The problem: Below are some records. Return exactly their lines from the one containing "Una barca di" through the one containing "- Foto, immagini", and drop the pictures.

Data supplied:
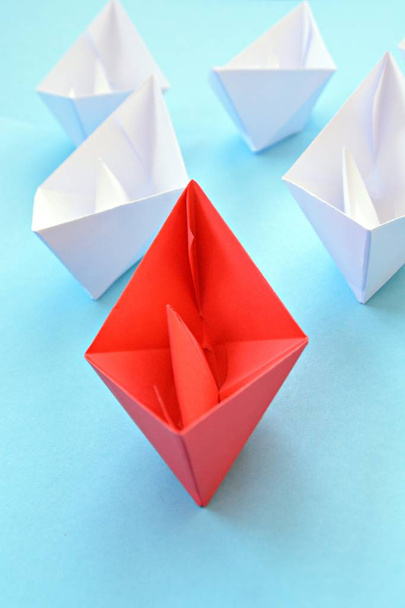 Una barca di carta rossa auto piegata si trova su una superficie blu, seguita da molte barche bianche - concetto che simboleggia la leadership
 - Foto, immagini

--

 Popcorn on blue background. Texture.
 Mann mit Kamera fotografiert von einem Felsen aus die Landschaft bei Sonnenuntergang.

* * *

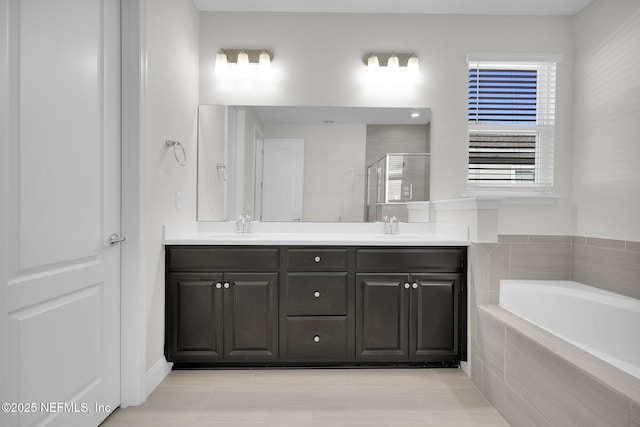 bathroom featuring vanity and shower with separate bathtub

Answer box:
 Una barca di carta rossa auto piegata si trova su una superficie blu, seguita da molte barche bianche - concetto che simboleggia la leadership
 - Foto, immagini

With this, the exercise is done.